Health care institutions across the United States have mounted get-out-the-vote efforts in recent years, inspired by a growing belief that voting improves the health of individuals and communities. The American Medical Association has endorsed that idea. AltaMed, with an active civic engagement department, has targeted more than a quarter-million registered voters in Los Angeles and Orange counties this election, most of them in Latino communities. It has offered early voting at a dozen clinics and plans to send canvassers out right up until Election Day.

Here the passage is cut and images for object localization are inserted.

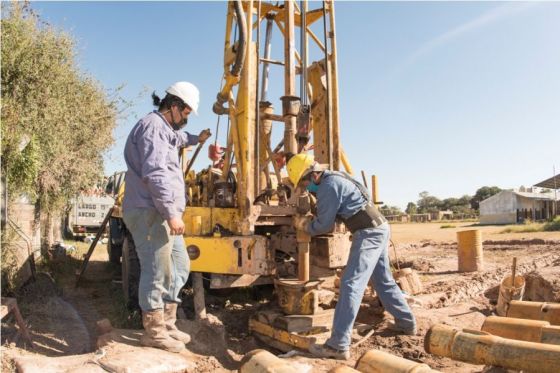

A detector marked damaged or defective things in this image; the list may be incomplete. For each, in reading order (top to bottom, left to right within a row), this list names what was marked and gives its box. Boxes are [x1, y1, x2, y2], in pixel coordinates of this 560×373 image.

rust on pipe [508, 300, 560, 324]
rust on pipe [482, 316, 560, 344]
rust on pipe [356, 348, 440, 372]
rust on pipe [424, 322, 560, 372]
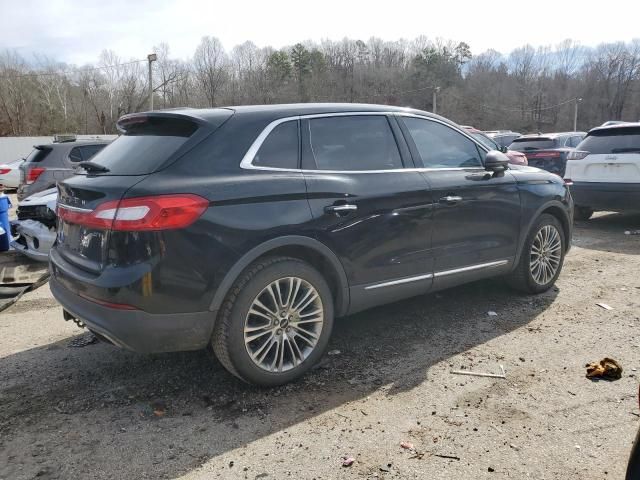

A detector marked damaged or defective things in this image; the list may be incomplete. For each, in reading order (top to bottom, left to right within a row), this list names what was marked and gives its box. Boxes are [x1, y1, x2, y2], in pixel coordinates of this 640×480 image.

damaged vehicle [10, 188, 57, 262]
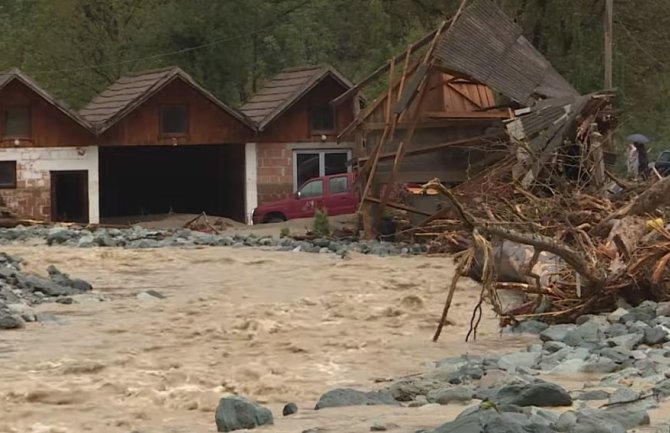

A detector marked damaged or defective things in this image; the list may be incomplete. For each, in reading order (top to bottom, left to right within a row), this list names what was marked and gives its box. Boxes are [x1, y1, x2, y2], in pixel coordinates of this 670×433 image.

damaged roof [434, 0, 580, 106]
damaged roof [0, 67, 92, 130]
damaged roof [81, 66, 255, 132]
damaged roof [243, 64, 356, 130]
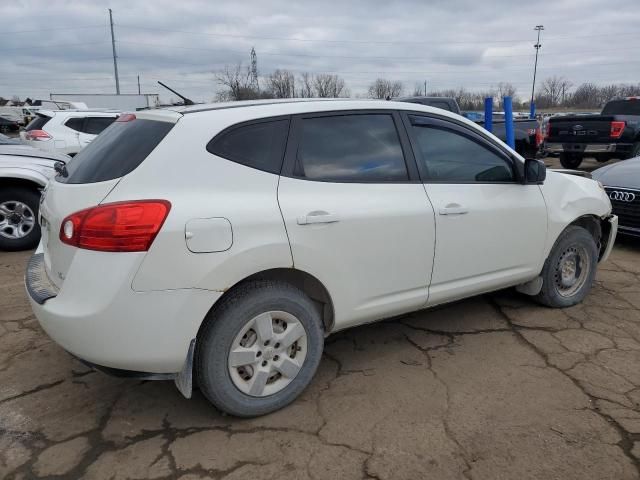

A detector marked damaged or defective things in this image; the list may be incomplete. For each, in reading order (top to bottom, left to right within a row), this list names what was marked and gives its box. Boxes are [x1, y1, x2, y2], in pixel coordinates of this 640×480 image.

“Our problems are often triggered — or exacerbated — by factors in our daily lives, whether it’s the air we breathe, where we live, the food we eat,” said Aliya Bhatia, executive director of Vot-ER, a nonprofit organization that works with 700 hospitals and clinics around the U.S., including AltaMed, to encourage patients and staff members to vote. “Vot-ER’s work helps patients be part of a process of going upstream to shape those policies that impact our health.”
Getting out the vote can be challenging in Latino communities despite their potential as an electoral force. The Latino population has quadrupled in the last four decades and now constitutes 19% of the U.S. population. In California, Latinos account for over 39% of the population, exceeding the share of non-Hispanic whites and making them the state’s largest ethnic or racial group.
However, voter participation among Latinos continues to trail other groups. Their turnout in the 2020 election was more than 14 percentage points below that of the state’s eligible voter population, according to data from the Center for Inclusive Democracy at the University of Southern California’s Sol Price School of Public Policy.
Researchers and Latino advocacy groups cite various factors that inhibit Latino voting, including feelings of cultural and linguistic marginalization, a mistrust of government, a disproportionately high poverty rate, and a younger-than-average population. Another key factor, they said, is a lack of outreach by political campaigns and other election organizations.
In a recent poll by the Latino Community Foundation, 71% of California Latino residents said they had not been contacted by a political party, campaign, or other organization this year.
“It makes a difference in whether they are actually going to turn out to vote,” said Mindy Romero, director of the Center for Inclusive Democracy.
In neighboring Los Angeles, mayoral candidate Rick Caruso, a billionaire developer, has made a strong effort to court Latinos, which could play a decisive role in his race to lead a city where they account for nearly half the population. After trailing by a double-digit margin early on, Caruso has pulled even with his opponent, U.S. Rep. Karen Bass, according to a recent poll published by the Southern California News Group.
Notably, 43.7% of Latino voters said they would back Caruso, compared with 29.4% for Bass.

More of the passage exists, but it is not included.